The Class AA Glacier Twins have ridden strong pitching, solid defense and some clutch hitting to a 6-4 start on the American Legion baseball season.

First-year head coach Ryan Hadfield wants the Twins' bats in full force before Western AA conference play starts next month, however, and success this weekend would build plenty of confidence.

Glacier is host to the Eighth Annual A and AA Invitational Wood Bat Tournament today through Monday at Memorial Park. The

tourney features eight teams playing four seven-inning games apiece.

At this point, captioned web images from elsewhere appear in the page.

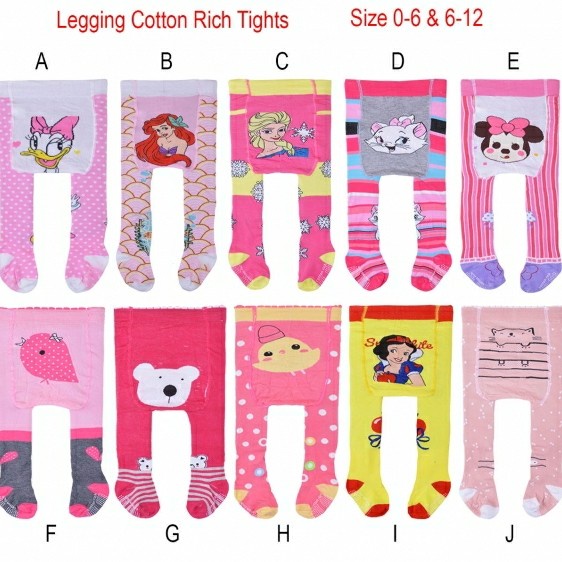 Legging Cotton Rich Tights / Legging Bayi / Celana Bayi Motif Isi 4 (Tersedia varian Motif &amp; Ukuran)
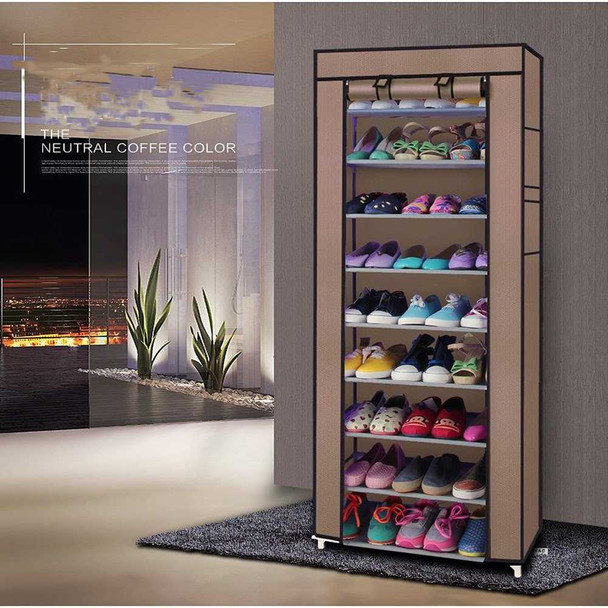 10 Layer 9 Grid Shoe Rack Shelf in neutral coffee color, storing multiple shoes in a closet organizer cabinet.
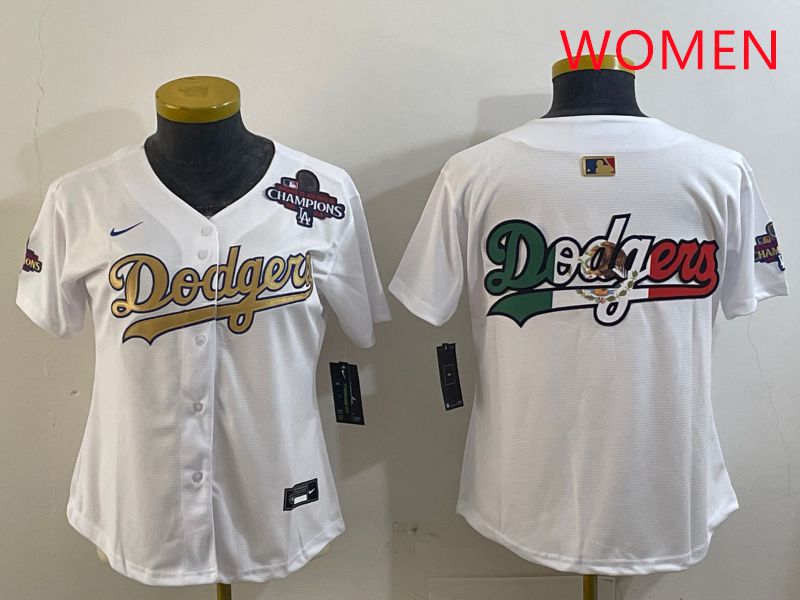 Women Los Angeles Dodgers Blank White Champion gold character 2025 Nike MLB Jersey style 8->women mlb jersey->Women Jersey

"We want to be playing our best baseball, definitely," Hadfield said. "I really want to see us swinging a red-hot bat because we've proven our pitching can keep us in games."

The Twins are in the AA Division, along with the Libby Loggers, the Trail, B.C., Jays and the Rocky Mountain Bandits of Cranbrook, B.C.

The A Division consists of the A Twins, the Mission Valley Mariners' B team, the Kootenai Valley Rangers and the Salmon River, Idaho, Savages.

Teams play divisional opponents once during pool play prior to Monday's championship round. The AA Twins edged the Kalispell Lakers 4-3 in last year's championship contest.

"(Wood bats) change it up for the pitchers a little bit, and my experience is that when the wood-bat tournament is over, the hitters are ready to pick up their aluminum again," Hadfield said.

"Going from aluminum to wood is harder than going from wood back to aluminum."

The A Twins open tournament play at 5:30 p.m. against Mission Valley. The AA Twins battle Libby in the 8:15 nightcap.

Josh Schott (2-1) will pitch against Libby for the third time this season. The Twins beat the Loggers 16-6 in their season opener, but needed home runs by Dustin Von Feldt and Bridger Beach to rally to a 4-3 victory the following week.

"We've played 10 games, and six of them have been decided by one run, so in those one-run games we're 4-2," Hadfield said.

"The good news is, we haven't had one bad outing by our starting pitchers. The missing piece right now is hitting."

The tournament's night games will showcase Memorial Park's new $250,000 lighting system. The project began two years ago and was completed earlier this spring with all installation work performed by the Twins.